Sale temps pour les flics
Les policiers ne sont pas tous des « cognes » : pour quelques-uns, justice ne signifie pas seulement répression. Dans l’ouvrage consacré au bagne qu’il écrit en 1928, Victor Darquitain cite ainsi un commissaire de police de Saint-Laurent ayant refusé de poursuivre comme vagabonds les libérés trouvés sans domicile, attendu, expliquait-il, que, « même lorsqu’ils travaillent, leur gain suffit à peine à les nourrir sans leur permettre de se loger ». Dans une lettre adressée au maire en 1931, un autre commissaire se félicite quant à lui de l’aide apportée par la commune aux forçats libérés et sans emploi. Ce soutien a, selon lui, fait considérablement diminuer le nombre des vols (presque divisés par deux depuis 1926). Le commissaire tient cependant à signaler, comme ses prédécesseurs, « la triste situation » de son service. Au contraire des fonctionnaires, écrit-il, les salaires des policiers n’ont pas été correctement augmentés depuis la fin de la Première Guerre mondiale : « Les agents qui revenaient du front un peu confiants en l’avenir furent en partie obligés de donner leur démission pour aller chercher une situation meilleure. […] Dès lors, on constata une dépression physique et morale dans le corps de la police du Maroni, car les candidats qui se présentèrent furent généralement des personnes qui, n’ayant pu trouver mieux, se résignèrent à entrer dans ce corps avec l’espoir d’en sortir à la première occasion favorable ; d’autres vinrent s’y jeter comme un pis-aller ».
De par cette situation, explique-t-il, les policiers ne peuvent faire leur travail correctement : « mal payés, la majeure partie du personnel se trouve mal nourri, mal chaussé et mal vêtu ». Il n’est donc pas possible, déplore-t-il, d’obtenir des agents le rendement qu’on est en droit de réclamer des gendarmes et des surveillants militaires qui sont des fonctionnaires de l’État et rétribués en conséquence. L’officier propose de baser la solde du personnel de la police de Saint-Laurent sur celle de la police de Cayenne. Il demande également des bicyclettes et une embarcation à motogodille [un des premiers moteurs hors-bord], ainsi que « des fonds secrets pour la réussite de certaines opérations » (l’argent sert le plus souvent à rémunérer les mouchards). Jusqu’à présent, explique-t-il, la police a en effet fort souvent recours à des particuliers pour certaines expéditions effectuées sur le fleuve (poursuites des évadés et autres malfaiteurs) : « Il serait équitable que l’administration supérieure daigne accorder sa bienveillance à la police du Maroni […] afin de donner à ce corps un peu plus de cohésion et d’indépendance ».

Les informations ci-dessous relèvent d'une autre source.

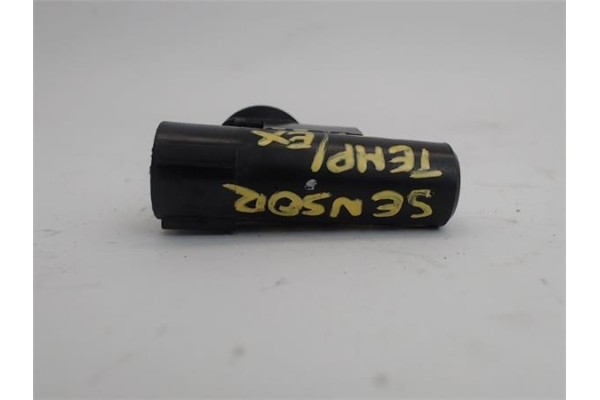 Recambio de sensor temperatura para honda jazz (gd1/5) 1.4 referencia OEM IAM P602076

En attendant cette hypothétique reconnaissance de l’administration, certains se débrouillent déjà pour améliorer leurs fins de mois. Le médecin du bagne Louis Rousseau témoigne ainsi qu’au début des années 1930, « aucun agent chargé de la police du fleuve Maroni ne se refusait à passer un condamné évadé sur territoire hollandais moyennant cinquante francs ».